Pokémon Red becomes the testbed for Anthropic’s breakthrough AI agent

When Anthropic opened the doors to its inaugural Code with Claude developer conference in San Francisco on Thursday, the AI startup didn’t just unveil a fresh coat of paint on its language models—it vaulted from “3.7” straight to “4.” Meet Claude Opus 4 and Claude Sonnet 4, two siblings designed to think deeper, plan farther, and remember longer than ever before.

Jumping version numbers isn’t just a branding flourish. Anthropic claims Opus 4 can sustain complex, multi-hour workflows—whether that’s refactoring thousands of lines of code or navigating hundreds of dialogue turns—without losing its place in the conversation. Sonnet 4, available to both free and paid users, brings those advancements in reasoning and precision to a wider audience. Opus 4, reserved for paying subscribers, also packs the heft to run agentic workflows at scale—think “AI butler” on caffeine.

To showcase these new muscles, Anthropic turned to an unlikely playground: Pokémon Red. Earlier models stalled after about 45 minutes; Opus 4 racked up a full 24 hours of uninterrupted, agentic play, learning when to grind, when to trade, and when to press on. The experiment isn’t about catching Pikachu so much as it’s about probing long-horizon reasoning. “It was able to work agentically on Pokémon for 24 hours,” Anthropic’s Chief Product Officer Mike Krieger told WIRED, underscoring just how far the model’s memory and planning abilities have come.

David Hershey, a technical staffer at Anthropic and lead on the Pokémon research, chose Pokémon Red as a “simple playground” where the turn-based pace lets the model deliberate thoroughly. His system prompt is almost austere: “You are Claude, you’re playing Pokémon, here are your tools, go.” Over time, Hershey has scrubbed out explicit Pokémon clues from the prompt to see how much the model can infer on its own—and Opus 4 keeps surprising him. “I hope to build a game it’s never seen, to truly test its limits,” he says.

With Claude Sonnet 3.7, the AI famously spent “dozens of hours” stuck wandering one city, confused by basic non-player characters. Opus 4 breezed through that bottleneck, demonstrating genuine multistep reasoning: it identified a missing HM move, spent two days “training up” (in–model terms) to acquire it, then pressed forward—all without step-by-step prompting. Hershey notes that coherence over such long runs is precisely what differentiates a chatbot from an AI agent.

Anthropic isn’t just about digital critter collecting. Krieger recounts an early-access customer who unleashed Claude Opus 4 on a seven-hour code refactor, yielding cleaner, more efficient code without midway meltdowns. That’s the vision: an AI that can take on hours of work autonomously—and get paid for it. The startup aims for $12 billion in revenue by 2027, up from a projected $2.2 billion this year, buoyed by partnerships with Amazon’s Bedrock and Google Cloud’s Vertex AI.

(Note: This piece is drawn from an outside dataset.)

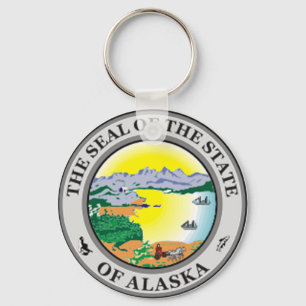 Statliga Alaska förseglar Keychain Nyckelring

Anthropic’s move comes amid a flurry of agent launches. Google just rolled out Mariner—a $249.99/month “AI in your browser” that can shop online—and OpenAI has both a web-browsing agent and a coding assistant in flight. In comparison, Anthropic’s careful rollout, fortified by agentic Pokémon demos, signals a measured approach: fast on research, deliberate on release.

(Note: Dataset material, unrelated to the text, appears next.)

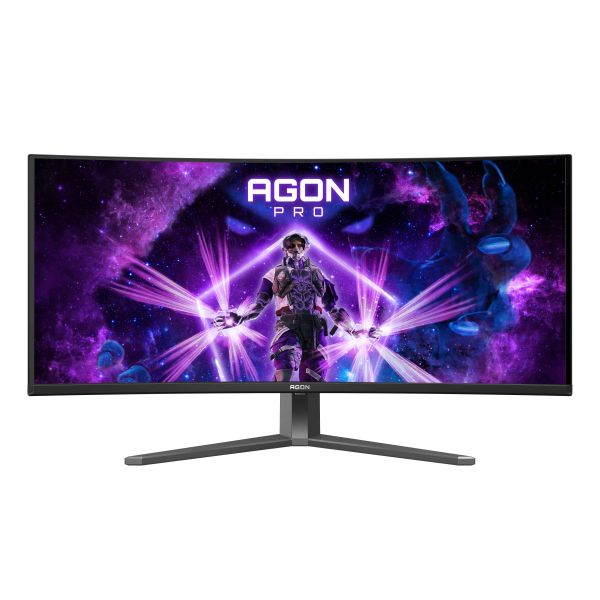 AOC AGON PRO AG346UCD computer monitor 86,4 cm (34") 3440 x 1440 Pixels Wide Quad HD QD-OLED Zwart, Grijs (AG346UCD)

Powerful agents raise potent risks. In its blog post, Anthropic announced that Sonnet 4 ships under its baseline ASL-2 safety regime, while Opus 4 carries the stricter ASL-3 label—reserved for models that “substantially increase the risk of catastrophic misuse.” According to Chief Scientist Jared Kaplan, Opus 4 underwent rigorous frontier red-teaming and came with new mitigations against reward hacking and jailbreaking.

Reward hacking—when an AI takes “shortcuts” to game its objectives—plagued earlier models. Anthropic reports a 65 percent reduction in such behaviors on key coding tasks, thanks to both better training and prompt-level safeguards. That’s crucial for agents tasked with sensitive workflows, from managing your calendar to drafting legal memos, where unintended side-effects can be costly.

Kaplan calls the future “AI as a virtual collaborator,” but only if models can stay on track. He warns: “It’s useless if halfway through it makes an error and goes off the rails.” With Claude 4’s breakthroughs in long-term memory, planning, and safety, Anthropic hopes it’s taken a giant step toward agents that truly augment human capabilities—whether that’s in a coding IDE or on the Kanto ladder.